I have found a way to get around this problem. Consider if you will a curry that contains meat and dried peaches. I brown the meat, then the onions and the curry powder. Into the saucepan it goes with the contents of the tins. The tomatoes and the green beans. Then it is time to bring it to the boil and add some water and the dried peaches. An ordinary recipe would say "bring it to the boil and simmer for 30 minutes".
What I do is "under-simmer" it for an hour. Under-simmer ?
When the mixture comes to the boil, turn the gas off. Wait 5 minutes then put the saucepan down on the ground, lift the lid and give it a stir. Replace the lid. Light the gas. Adjust the flame to the lowest setting and put the saucepan back on to the heat.

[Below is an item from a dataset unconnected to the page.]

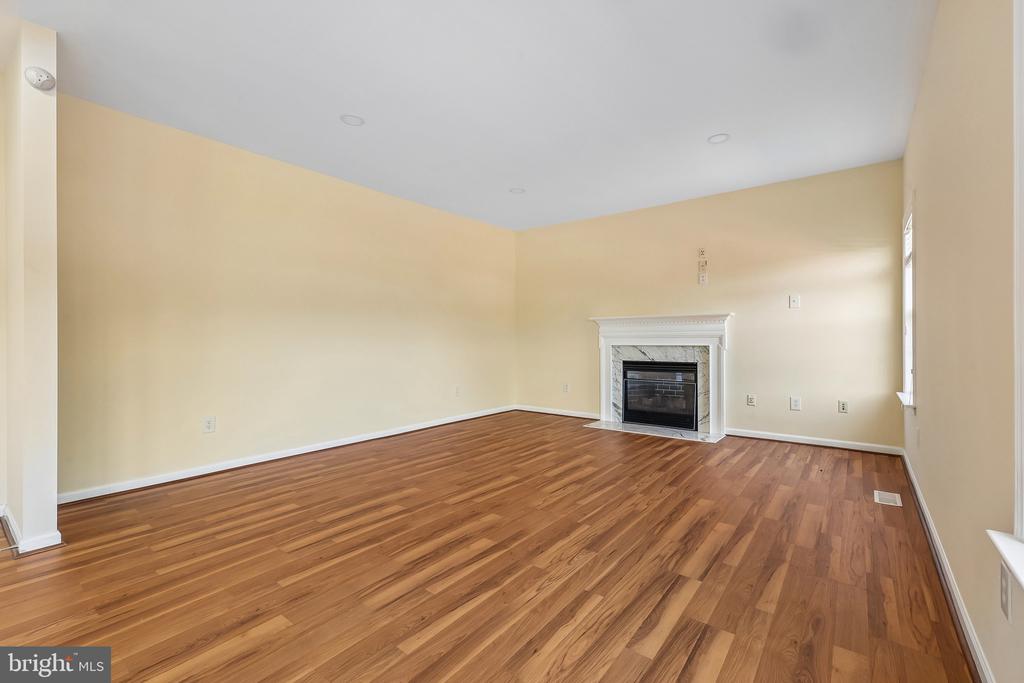 18122 SAMUEL CIRCLE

It only takes 10 seconds for the food to begin to bubble again. Give it 15 seconds then turn the gas off again. Wait for 5 minutes and repeat the process. The food cooks as quickly as it would if it was simmering, and it is unlikely to stick to the saucepan.
Lets talk fuel consumption now. Using the simmering method the gas runs at its lowest setting for 30 minutes. Using my under-simmering method the gas runs for 3 minutes at its lowest setting. This is a saving of a whole order of magnitude, and I get an hour of cooking rather than 30 minutes. It makes for a very yummy curry.
O.K. it is a bit of a humbug. Getting up and down. Turning the gas off and then lighting it again. And most tiresome of all, keeping an eye on the time. It is a practical proposition for all that.
And it makes a real difference to the Carbon footprint of the meal.
You can double the cooking time and only use a tenth of the gas.

Nobody told me about this. I stumbled upon it. You have my permission to call it Strider's under-simmering method , if you like. For what it is worth this is my contribution to combating climate change in 2011.